= Peter Harrop =

British civil servant (1926–2020)

Sir Peter John Harrop, KCB (18 March 1926 – 10 September 2020) was a British civil servant.

== Background ==
Born on 18 March 1926, Harrop attended Peterhouse, Cambridge, before serving in the Royal Naval Volunteer Reserve for three years until 1948. He then entered HM Civil Service in 1949 as an official in the Ministry of Town and Country Planning, and served in its successors until 1973, when he left the Department of the Environment (DoE) to work in HM Treasury.
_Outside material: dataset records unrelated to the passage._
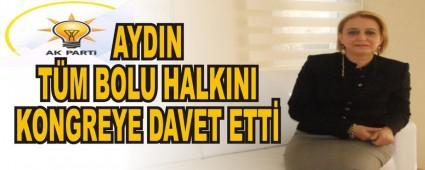 AYDIN T�M BOLU HALKINI KONGREYE DAVET ETT�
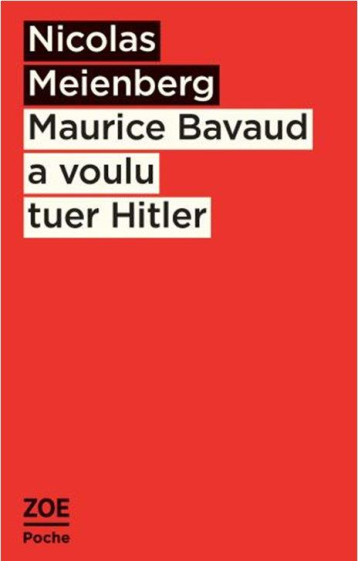 MAURICE BAVAUD A VOULU TUER HITLER - MEIENBERG/MICHEL - ZOE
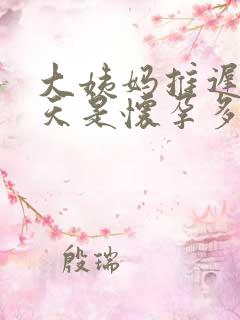 大姨妈推迟10天是怀孕多久了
In 1977, Harrop returned to the DoE as a Deputy Secretary and served there until 1986 (except for a period in the Cabinet Office from 1979 to 1980); he was Second Permanent Secretary from 1981 to 1986. After the 1981 Toxteth riots, he was the most senior official sent with the Secretary of State, Michael Heseltine, to work in Liverpool for over two weeks and develop policies to prevent recurrences of violence. Harrop personally inspected housing in Netherley, an area suffering from considerable housing deprivation but spared the rioting which blighted Toxteth. For his public service, Harrop was appointed a Companion of the Order of the Bath in the 1980 Birthday Honours and promoted to Knight Commander in the 1984 Birthday Honours.

After leaving the civil service, he was chairman of the National Bus Company from 1988 to 1991 and a director of various companies. He died on 10 September 2020.